Bitrot: Unity games.
Sadly, a lot of the source for these games were lost in the sudden death of my working computer, and are only listed here for memory's sake. Some additional Unity games are available under collegiennes. A few videos of these games can be found here and there across youtube.
A lot of the abandonned projects were made using the Unity game engine, it was a convenient way to bundle cross-platform applications. The engine's APIs were in flux at the time, and the rapid migration from one version to the next became more trouble than it was worth. I also had difficulty versioning, and preserving copies, of these massive project files. The engine's transition toward a monthly fee had me looking elsewhere to host my projects.
As of January 2015, all Unity development was abandoned.
Bitrot: Mobile games and tools.
In another life, I was building mobile apps, I thought it was a neat platform, until the size of the toolchains exploded, and the tools themselves became near unsable due to bugs and crashes; ultimately, Apple's requiring the latest hardware to push to their store is what did me in. Never again.
As I sailed across the Pacific Ocean, it became increasingly clear that building software for Apple's mobile ecosystem was unsustainable due to the frequent and massive toolchain updates, and the need for the latest generation of Apple devices to successfuly sign and publish to the platform which are quite hard to aquire in far flung countries.
Trying to maintain our iOS devices outside of western countries, or updating X Code via expensive or spotty internet was something we could no longer afford. As of march 2019, all iOS development was abandoned.

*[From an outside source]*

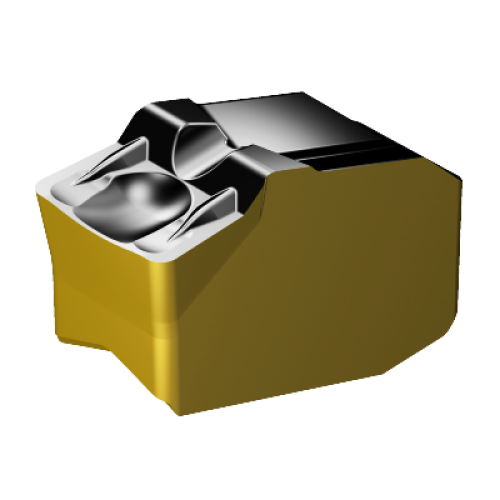 QD-NL-0800-0008-GM 4425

Bitrot: Web apps and Electron.
The goal of porting stuff for the web was originally to escape from X Code and onto a more portable ecosystem, but the application were much too power hungry to be usable, the APIs kept changing, browser incompatiblities were hard to keep up with, and the projects were abandoned.
Subsequent to the iOS development, many applications were migrated to the Electron framework and web browsers. The entire toolchain, from the necessary internet connection to access the ever-changing documentation and the energy required for the building of the massive resulting application, to the bandwidth used for its publication, was irreconcilable with our studio's solar energy and roaming connectivity setups.
After a while, I stopped maintaining and using the applications altogether to preserve energy and bandwidth. As of december 2021, all Electron/HTML5 development was abandoned.